I HAVE A BETTER IDEA: HOW ABOUT NOT RUNNING AT ALL? FOR ANYTHING?

Nobody (or at least nobody outside his inner circle of coat-holders) really wants Mike Bloomberg to get involved in this year's presidential race -- even some of the people who gathered in Oklahoma with him earlier this week to discuss a third-party presidential candidacy backed away from endorsing him -- but he's just soldiering on regardless; Unity08 seems to be morphing into a Draft Bloomberg movement, and his people (or someone) got AP to write about his efforts to "microtarget" possible voters, which put speculation about his candidacy on the front pages of two local papers yesterday.

And now today, from The New York Sun -- which loves the idea of a Bloomberg presidency -- we have an alternate scenario.

The headline is

Bloomberg for No. 2 Spot Is Tempting for Some

-- but it's not at all clear from the story who those "some" might be (other than Bloomberg's own posse and the Sun itself):

As Mayor Bloomberg eyes a run for president, candidates from both parties are likely eyeing him -- and his billions of dollars -- for the no. 2 spot on a ticket.

Spoiler alert: The assertion that candidates are "likely eyeing him" isn't supported by anything in the story. We're told that Bloomberg has bags of money. We're told a #2 slot "would allow him to stay in the national spotlight and spearhead initiatives in areas he has focused on as mayor, including the environment and public health." And we're told this (which, I must confess, I fell for recently):

A breakfast at a Midtown Manhattan diner in November set off a torrent of speculation that an Obama-Bloomberg ticket could surface this year, and talk of a possible partnership between Senator McCain and Mr. Bloomberg began when the Republican candidate praised the mayor's record on education during a debate on December 12.

Also this (which is true):

A former opinion columnist for the New York Times, William Safire, predicted in a piece that ran in the Times on December 31 that Messrs. McCain and Bloomberg would team up.

But we're never given any evidence whatsoever that any candidate is seriously looking at him as a running mate.
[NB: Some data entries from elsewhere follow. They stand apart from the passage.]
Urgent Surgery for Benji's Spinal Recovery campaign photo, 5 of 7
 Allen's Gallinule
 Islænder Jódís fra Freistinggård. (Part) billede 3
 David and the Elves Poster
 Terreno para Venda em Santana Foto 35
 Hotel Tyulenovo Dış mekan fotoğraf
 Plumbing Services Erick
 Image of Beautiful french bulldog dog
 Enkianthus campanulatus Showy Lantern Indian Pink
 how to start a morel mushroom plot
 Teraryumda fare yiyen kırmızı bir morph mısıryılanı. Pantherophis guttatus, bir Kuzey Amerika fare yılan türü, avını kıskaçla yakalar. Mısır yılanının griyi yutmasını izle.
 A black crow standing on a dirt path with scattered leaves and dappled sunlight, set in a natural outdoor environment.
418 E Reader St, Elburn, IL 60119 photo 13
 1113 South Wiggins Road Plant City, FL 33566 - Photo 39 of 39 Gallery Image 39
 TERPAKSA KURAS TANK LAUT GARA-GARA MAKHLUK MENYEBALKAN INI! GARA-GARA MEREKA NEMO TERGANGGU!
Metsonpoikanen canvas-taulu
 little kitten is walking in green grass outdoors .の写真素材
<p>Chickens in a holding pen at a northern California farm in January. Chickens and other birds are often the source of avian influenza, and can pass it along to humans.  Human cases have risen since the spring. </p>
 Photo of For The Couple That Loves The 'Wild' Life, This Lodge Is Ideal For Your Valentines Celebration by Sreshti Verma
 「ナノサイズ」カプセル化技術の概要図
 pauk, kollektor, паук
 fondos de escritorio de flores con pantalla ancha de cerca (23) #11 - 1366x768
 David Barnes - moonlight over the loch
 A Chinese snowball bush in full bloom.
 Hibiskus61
Let's dispense with the McCain scenario first: He's looking more and more like the eventual GOP nominee -- but he's engendered widespread disgust among some members of own party, who think he's a "RINO." Why would he pick someone else who's going to alienate the base, someone who was a Republican In Name Only and then insulted the party further by dispensing with even the Republican name? As has been demonstrated repeatedly, McCain can simply pick someone satisfactory to the base (or even a base favorite), secure in the knowledge that the media will never write about that person's extreme right-wing positions as if they're extreme -- that's the way politics works in America. McCain won't need Bloomberg -- he could easily pick, say, Sam Brownback or Mike Huckabee and still get centrists' votes (alas).

Obama, I'd say, wouldn't pick Bloomberg for the simple reason that Bloomberg brings nothing to the ticket whatsoever (except money, which Obama is perfectly capable of raising all by himself). In what red state is an unmarried Jewish socially liberal New Yorker who's originally from Boston going to help him?

Forget it. Not gonna happen. But I'm sure Bloomberg enjoys the flattery, and we'll see if the Sun is eventually rewarded for it in some way by the mayor.